Problem requirements - A verbatim transcript of the data that follows, free of images, is the expected result.

Information provided -
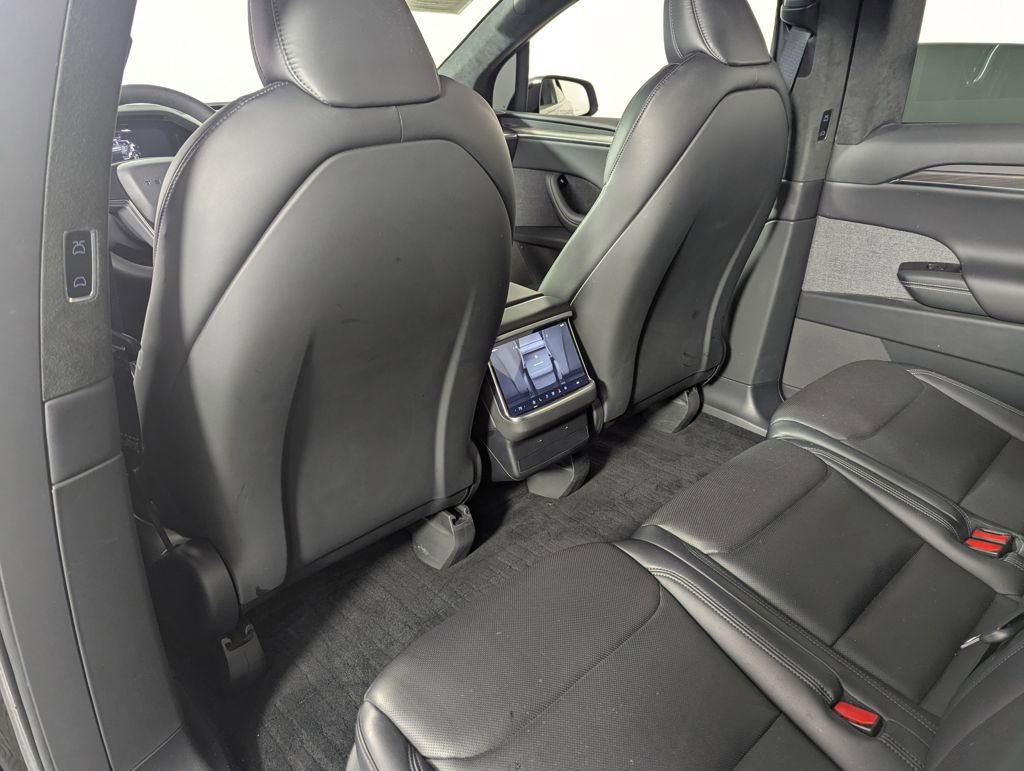 Used 2024 Tesla Model X image 28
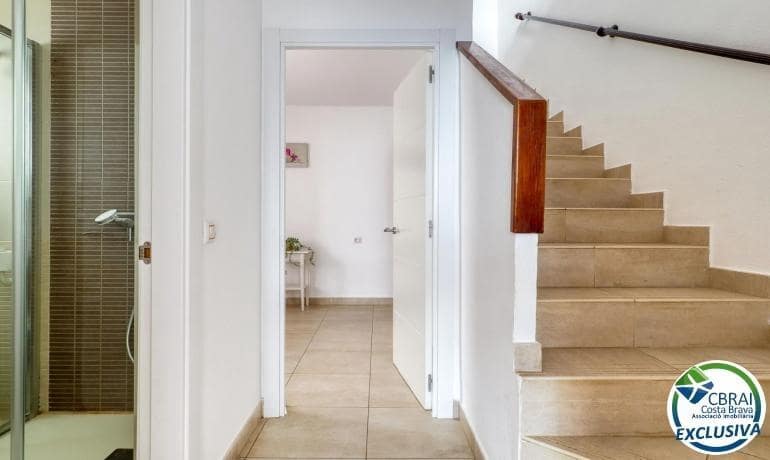 2 Zimmer Doppelhaus zu verkaufen in Roses mit Pool - 315.000 € (Ref: 9714867)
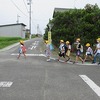 登校の風景：曇って蒸し暑い朝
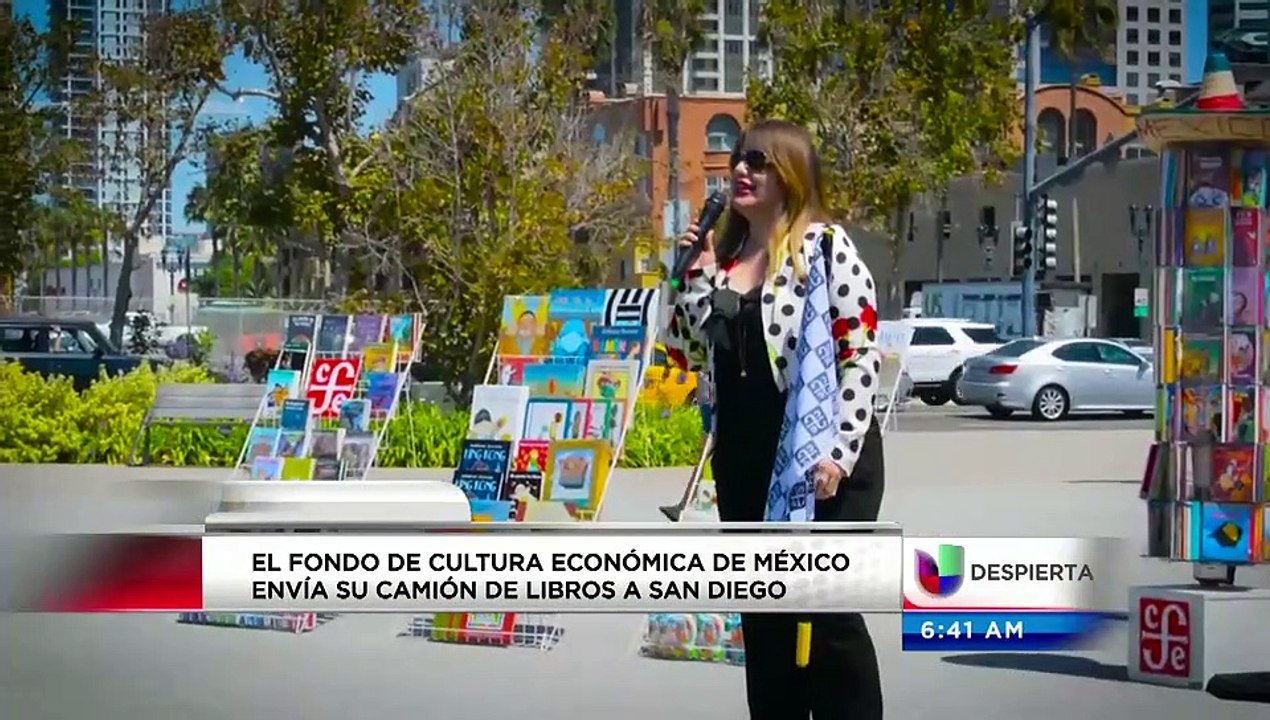 Fondo de cultura económica de México envía su camión de libros a San Diego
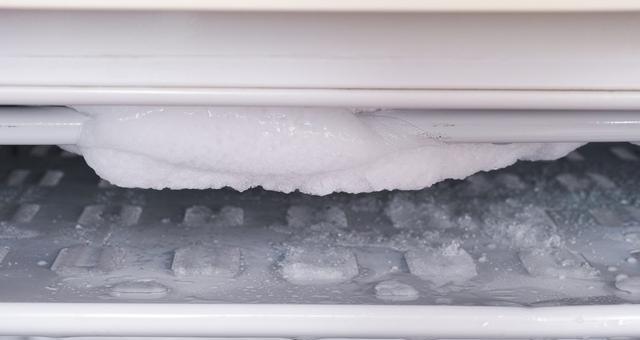 冰箱常有水滴是怎么回事（原因分析及解决方法）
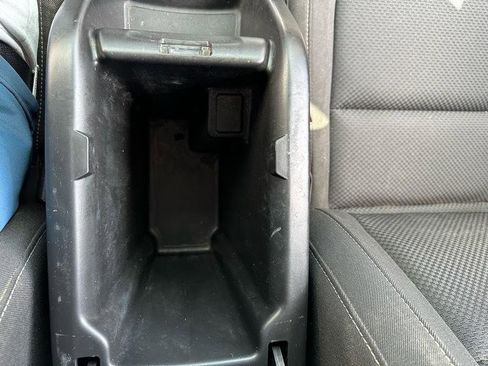 Used 2020 Chevrolet Colorado LT w/ Safety Package RWD image 23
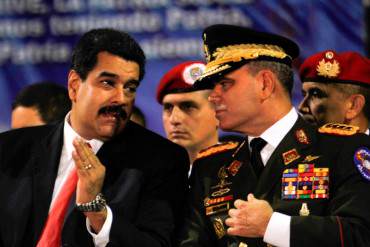 ¡GOBIERNO RAPAZ! AFP: Maduro profundiza la crisis y se aferra a los militares como a un salvavidas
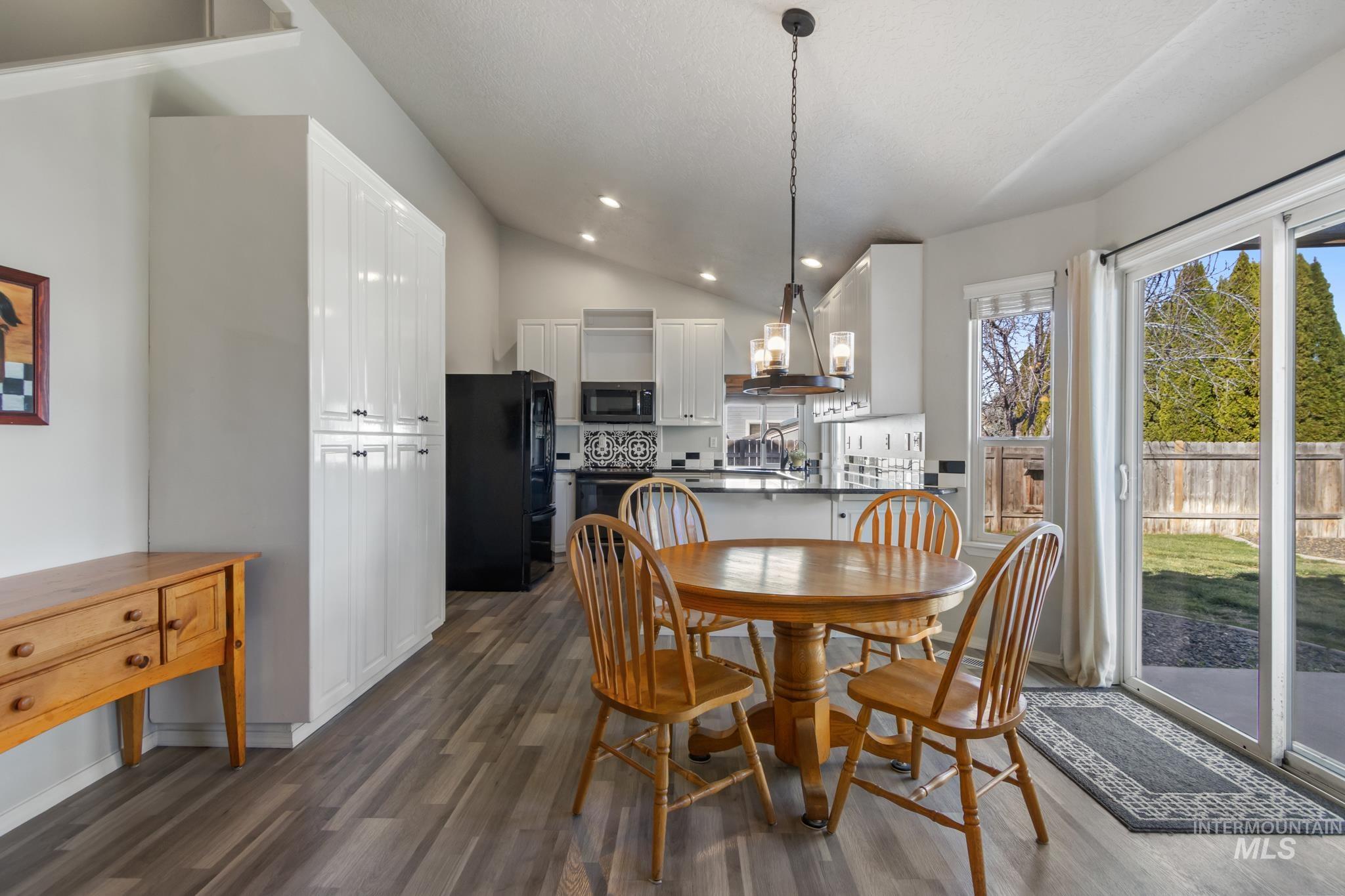 8186 Gallatin Court, Nampa, Idaho 83687, 3 Bedrooms, 2 Bathrooms, Residential For Sale, Price $405,900, 98978767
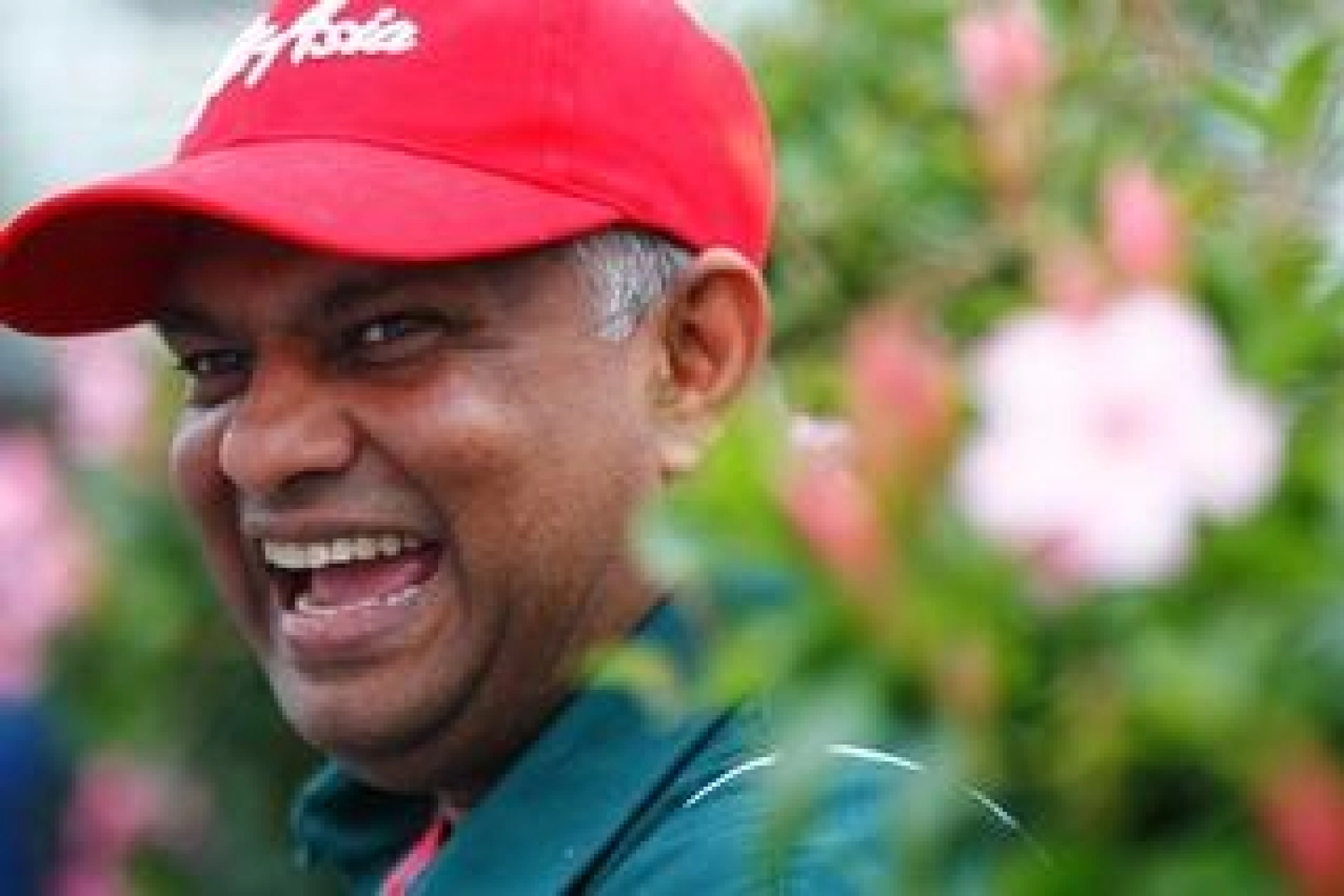 Tony Fernandes leaves his position at Caterham F1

Solution to this problem -
 Used 2024 Tesla Model X image 28
 2 Zimmer Doppelhaus zu verkaufen in Roses mit Pool - 315.000 € (Ref: 9714867)
 登校の風景：曇って蒸し暑い朝
 Fondo de cultura económica de México envía su camión de libros a San Diego
 冰箱常有水滴是怎么回事（原因分析及解决方法）
 Used 2020 Chevrolet Colorado LT w/ Safety Package RWD image 23
 ¡GOBIERNO RAPAZ! AFP: Maduro profundiza la crisis y se aferra a los militares como a un salvavidas
 8186 Gallatin Court, Nampa, Idaho 83687, 3 Bedrooms, 2 Bathrooms, Residential For Sale, Price $405,900, 98978767
 Tony Fernandes leaves his position at Caterham F1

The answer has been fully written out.